Plus tard sur Télé 50, l’ancien président de la CENI a éclairé ses propos et précisé que l’accord dont il parlait était « un accord de gouvernance » entre le Front commun pour le Congo (FCC) de Joseph Kabila et le Cap pour le changement (Cash) de Félix Tshisekedi pour la composition d’un gouvernement qu’avait dirigé Sylvestre Ilunga Ilunkamba.
« Grâce à Dieu, j’étais aux premières loges lors de cette alternance. Un accord politique a été conclu et je demeure convaincu qu’il ne faut pas le jeter dans les poubelles de l’histoire, parce qu’il a sauvé le pays d’un possible bain de sang », avait-il explicité.
Très récemment, Nangaa s’est dit victime d’une série de menaces proférées par certains cadres du régime au pouvoir considérant qu’il en sait beaucoup trop sur « l’accord politique » de gouvernance entre le FCC de l’ancien Président Joseph Kabila et le CACH, plateforme électorale de Félix Tshisekedi et son partenaire, Vital Kamerhe
« Dois-je vous rappeler que déjà le fait pour moi d’avoir évoqué, au cours d’une interview à Jeune Afrique, la mémoire d’un accord politique de gouvernance FCC-CACH avait été le détonateur d’une série de menaces en permanence sur ma personne. Certains gros légumes du régime considérant que nous en savons un peu trop sur les contours de la passation pacifique des pouvoirs début 2019 entre les présidents sortant et entrant », a dit Corneille Nangaa
A trois mois des élections générales prévues en décembre prochain, ces débats refont surface alors que le processus électoral en cours ne fait pas l’unanimité.

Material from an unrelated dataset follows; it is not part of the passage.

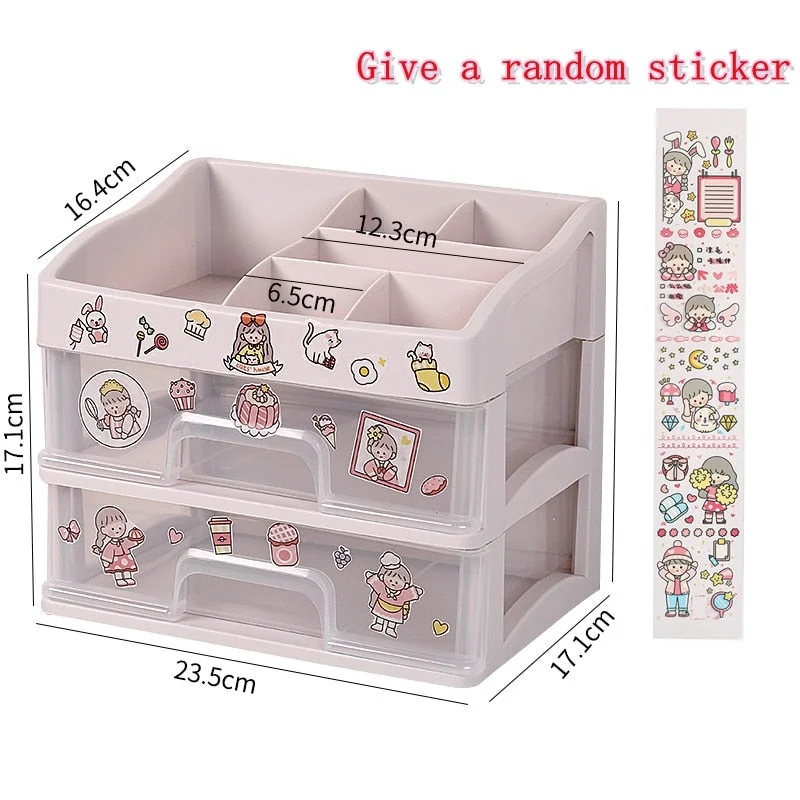 W&G Kawaii Large Capacity Transparent Drawer Type Desktop Organizer Desk  Storage Box Pen Holder School Cute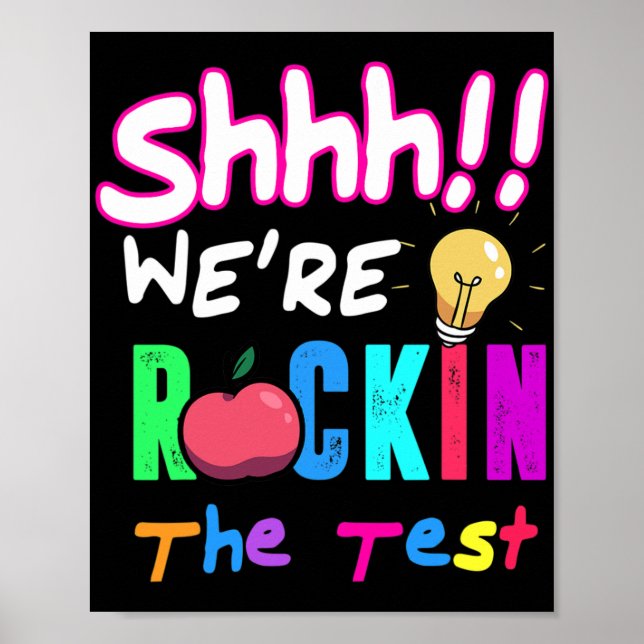 Affiche Test Day Rock The Test Rainbow Enseignant étudiant (Devant)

Les ténors de l’opposition comme Martin Fayulu et le Front Commun pour le Congo (FCC) du Président honoraire Joseph Kabila accusent l’actuelle centrale électorale (CENI) de planifier un hold-up électoral en faveur de Félix Tshisekedi, bien parti pour un deuxième mandat. Les pro-Kabila n’ont pas participé à l’opération d’identification et d’enrôlement des électeurs exigeant la recomposition de la CENI et de la Cour constitutionnelle qui, selon eux, ont été mises en place de manière cavalière sans tenir compte du consensus des parties prenantes.

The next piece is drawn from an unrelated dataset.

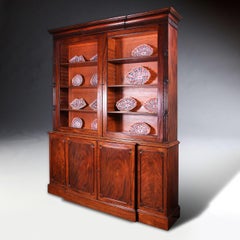 George III Chippendale Period Mahogany Breakfront Bookcase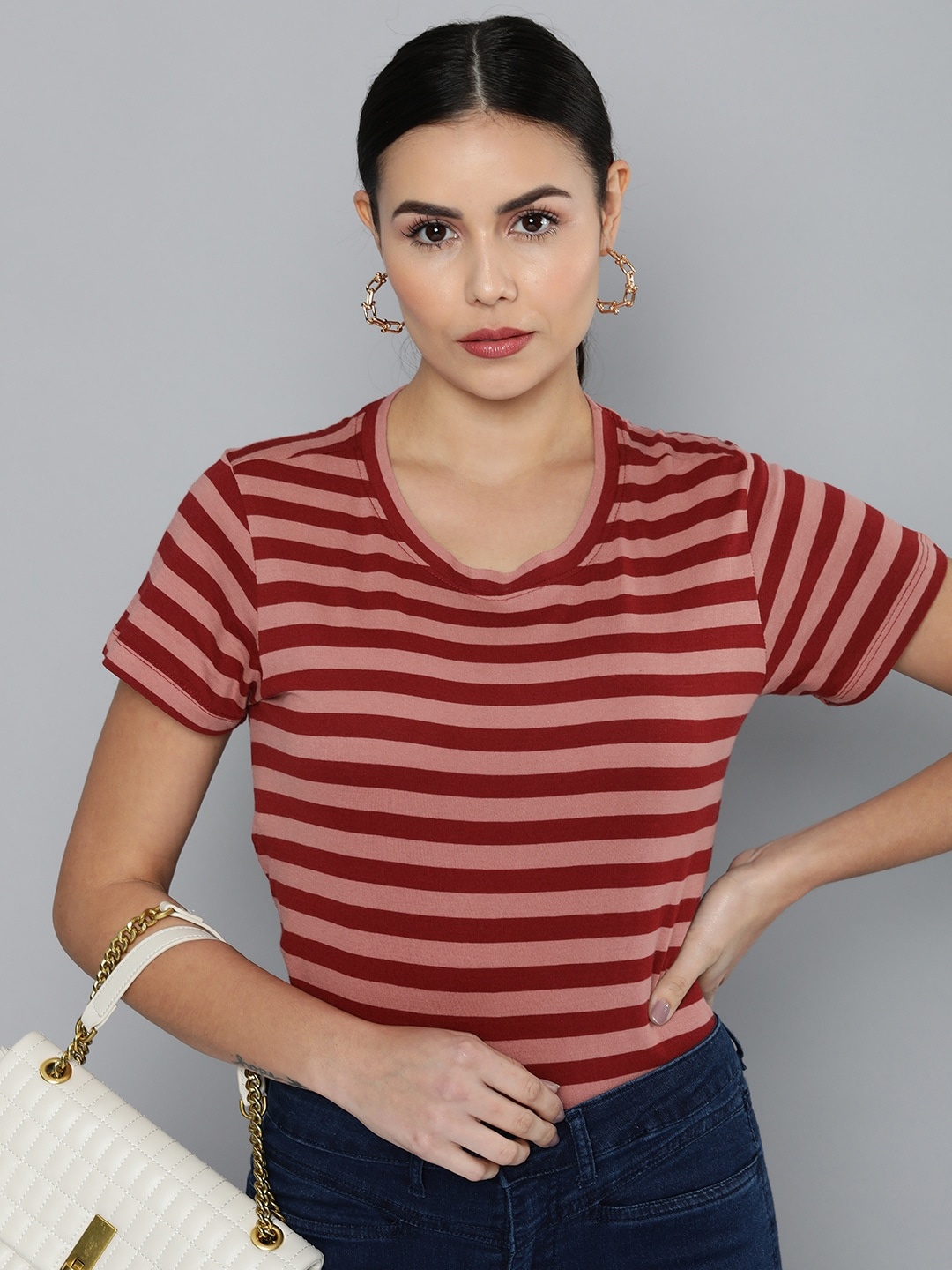 

Chemistry Women Pink & Peach-Coloured Striped Pure Cotton Casual T-shirt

De son côté, Martin Fayulu qui déplore une CENI faite à l’image de Tshisekedi, n’a pas déposé les candidatures à tous les niveaux, demandant au préalable, un nouvel audit du fichier électoral.

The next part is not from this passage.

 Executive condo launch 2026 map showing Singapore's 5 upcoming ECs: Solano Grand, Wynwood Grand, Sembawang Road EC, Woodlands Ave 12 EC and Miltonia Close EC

Pendant ce temps, la machine de la CENI dirigée par Denis Kadima est en marche et ce, dans la phase de non-retour. Depuis la convocation de l’électorat pour la présidentielle, quelques figures de l’opposition à l’instar de l’ancien Premier ministre, Augustin Matata Ponyo et Constant Mutamba ont déposé leurs candidatures pour le compte de la magistrature suprême.